Monday, November 23, 2009

Sex vs Cloning

Sexual reproduction is a staple of the human condition. It's an amazing solution to many of life's problems, the cause for even more, and sometimes just something to do depending on the people you ask. It's the way to spread STDs, including Herpes, HIV, and Pregnancy. This last one is sometimes useful, but far more often a 9 month punishment for both parties involved (or perhaps just one, if the father was a scumbag or dies).

For those who seek pregnancy, perhaps cloning is a better alternative. You know almost exactly what the child will be like straight from the bat, and while playing with genetics, you can custom engineer your child to be everything you want. A left-handed, orange-eyed, flat-footed boy with a large frame? Clone the author and tweak the brown down from his eyes, there you have it!

Should cloning ever become fully accepted by society, it would not replace sexual reproduction. It is significantly more fun, and there's an air of mystery about what the child will be. You can never tell if the child will come out healthy, or in some cases, who the father will be. There's the widely romanticized aspect of it. Valentine's Day was completely built around it, and Halloween is rapidly moving closer to a second glory day for sex too.

That said, cloning takes away the excitement in exchange for reliability. You know EXACTLY what the child will come out as, and that it will be healthy (as long as you get it from a legal practitioner. Those back-alley cloning devices have a long history of mutations. Extra thumbs and webbed feet, the works). This isn't to say that romantic images of a man, a woman, and a geneticist can't exist, or that they shouldn't. This is only saying that the world has not yet taken it's first step towards complete asexuality. Some have embraced it, good friends of mine identify with no popular sexuality, and just love everyone without a thought of genitals. Many will fear it, I'm sure Westboro Baptist Church will protest it, like they do soldiers' funerals. Regardless of one's stance, it will provide an interesting alternative.

This in mind, it must be stated how well this will boost our economy, especially in the event of universal health care. The sales on latex, lambskin, petroleum jellies, and a number of other related objects will skyrocket while pregnancy tests, chloroform, and abortions will drop dramatically.
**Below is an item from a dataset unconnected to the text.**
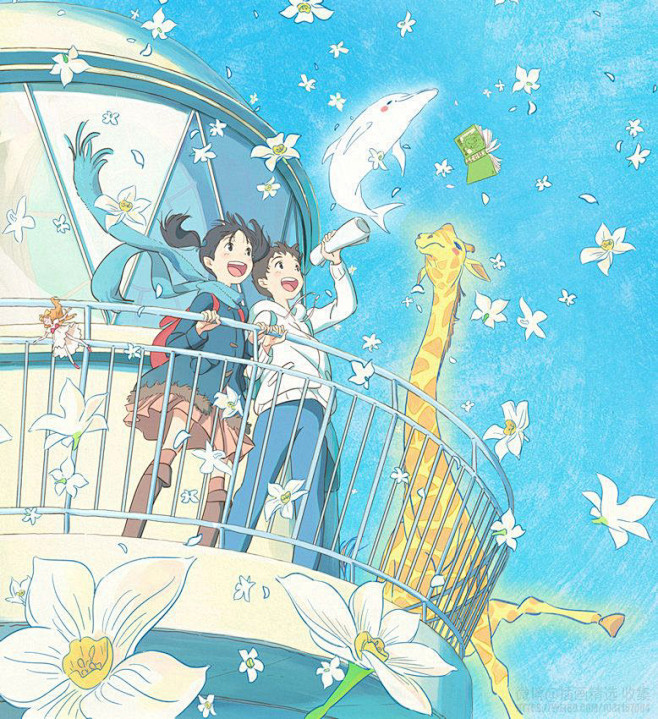 t腿子从潇1129转采于2020-12-08 10:58:17仰视1喜欢插画t腿子该采集也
Trojan stocks will replace Microsoft, Coca-Cola, and GameStop (this time of year) as the shares to own.

Really, the short end of the stick comes to the poor GYNOs who lose out on the price of birth and pregnancy, unless they are able to adapt to the changing world. All dates will be predetermined, and all expecting parents will be ready sooner.

Licenses would be required to get a baby implanted, and more importantly, renewed to keep the child. Actually, this should already exist, as it would reduce the costs of welfare, housing, and most other issues relating to the lack of population control.
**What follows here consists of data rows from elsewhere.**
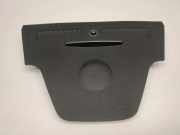 Andere Teile des Innenraums MERCEDES-BENZ CLS (C219) CLS 320 CDI (219.322) A2186800189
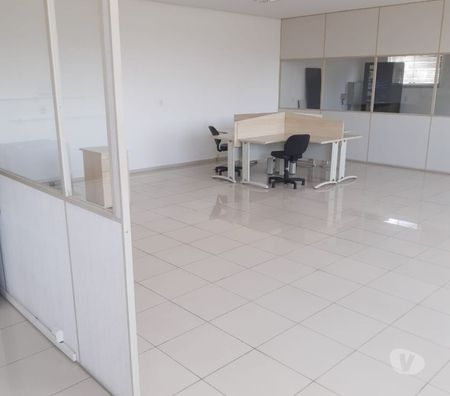 Aluguel Loja Sao Paulo SP Saúde - Fotos para CONJUNTO COMERCIAL BAIRRO SAÚDE - EXCELENTE LOCALIZAÇÃO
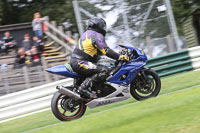 cadwell-no-limits-trackday;cadwell-park;cadwell-park-photographs;cadwell-trackday-photographs;enduro-digital-images;event-digital-images;eventdigitalimages;no-limits-trackdays;peter-wileman-photography;racing-digital-images;trackday-digital-images;trackday-photos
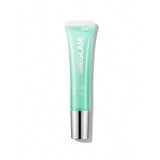 Primer Idratante Good Grip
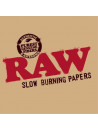 RAW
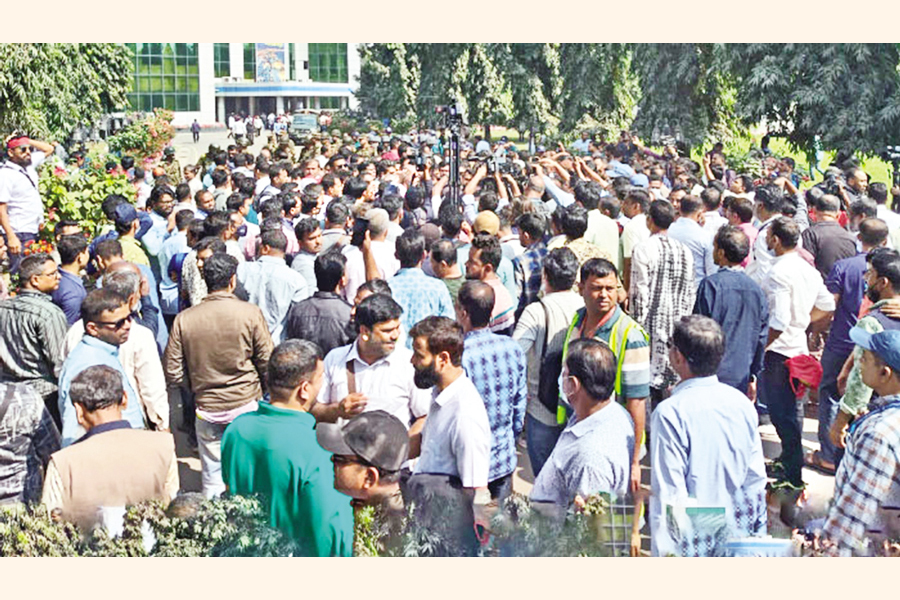 thefinancialexpress.com.bd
Did I believe in the devout ways of the religion I was converted to for vanity's sake at the age of 7, I'd be more old fashioned in my methods. No matter what pro-cloning advocates will push for, I'll stay steadfast in the old ways. It's okay for a baby to happen without implanting a hand-grown fetus of myself, even if the world will miss out on twice the greatness over a longer period of time. It's fine to run the risk of a child coming out with heart defects, blindness, and severe autism if it means that I can keep those damned scientists from thriving and killing religion.

...or, perhaps, it's just because religious nuts love sex. Ask the clergy.

I'm not saying cloning is a viable option, or a realistic one. I'm saying that something must be done to fix these problems. Two of myself would think much more abundantly than just one, I see no way that we couldn't solve our issues this way.